Fluid and electrolyte deity, Robert Schrier, had an interesting editorial in Feburary’s Nature Reviews: Nephrology (yes, I’ve gotten a little behind in this blogging business).
Escape versus breakthrough refere to completely different and unrelated concepts related to aldosterone.
- Aldosterone breakthrough occurs following administration of an ACEi or ARB. ACEi block the conversion of angiotensin I to angiotensin II. The decrease in angiotensin II lowers aldosterone. Angiotensin receptor blockers prevent angiotensis II from from binding receptors through out the vasculature but including the adrenal gland where it prevents aldosterone release. At least that is the plan. In reality about 30-40% of patients given ACEi or ARBs have only a temporary decrease in aldosterone and then after a few weeks, aldosterone returns to pre-treatment levels.

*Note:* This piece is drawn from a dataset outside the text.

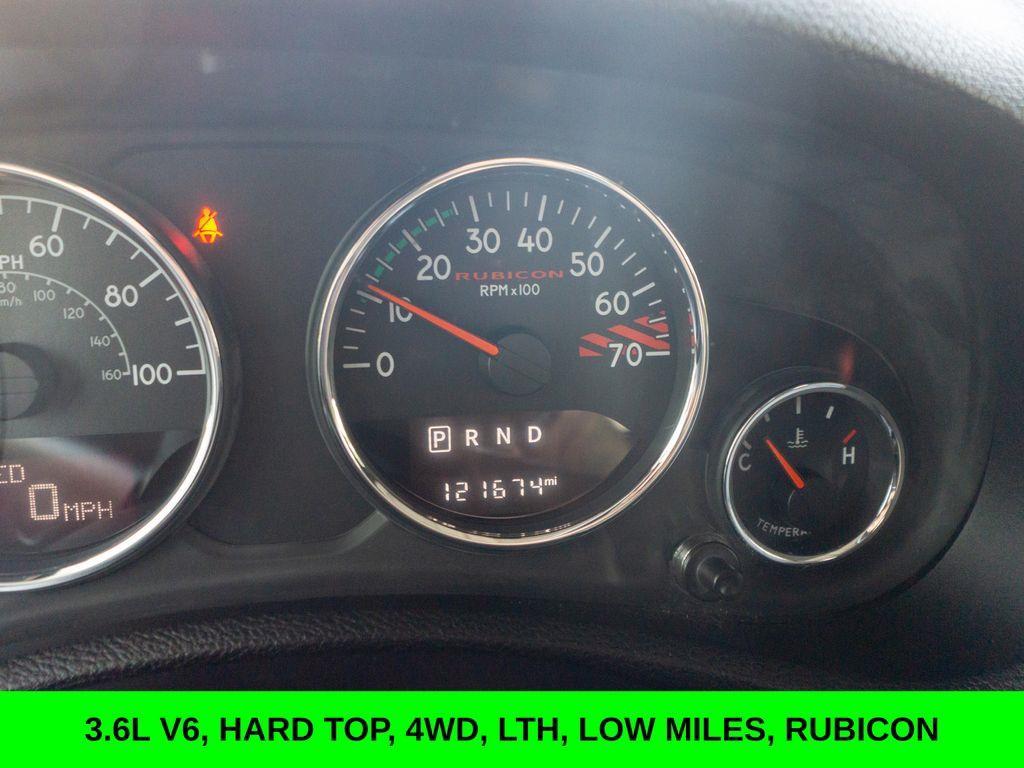 used 2016 Jeep Wrangler Unlimited car, priced at $20,644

- Aldosterone escape is a physiologic phenomenon that occurs with hyperaldosteronism. Aldosterone initially decreases urinary sodium increasing sodium retension contributing to hypertension. This does not result in edema because the sodium retention is short lived. After a short time urinary sodium returns to normal through a process called aldosterone escape. There are two processes that account for this:
- Pressure natriuresis. Increased blood pressure decreases distal sodium resorption. The exact mechanism of pressure natriuresis is unknown, it is thought to be mediated by hydrostatic forces. Increased blood pressure is transmitted to the peritubular capillaries, so the resorption of solutes must overcome an elevated hydrostatic pressure gradient. In the face of this increased gradient, sodium resorption falls.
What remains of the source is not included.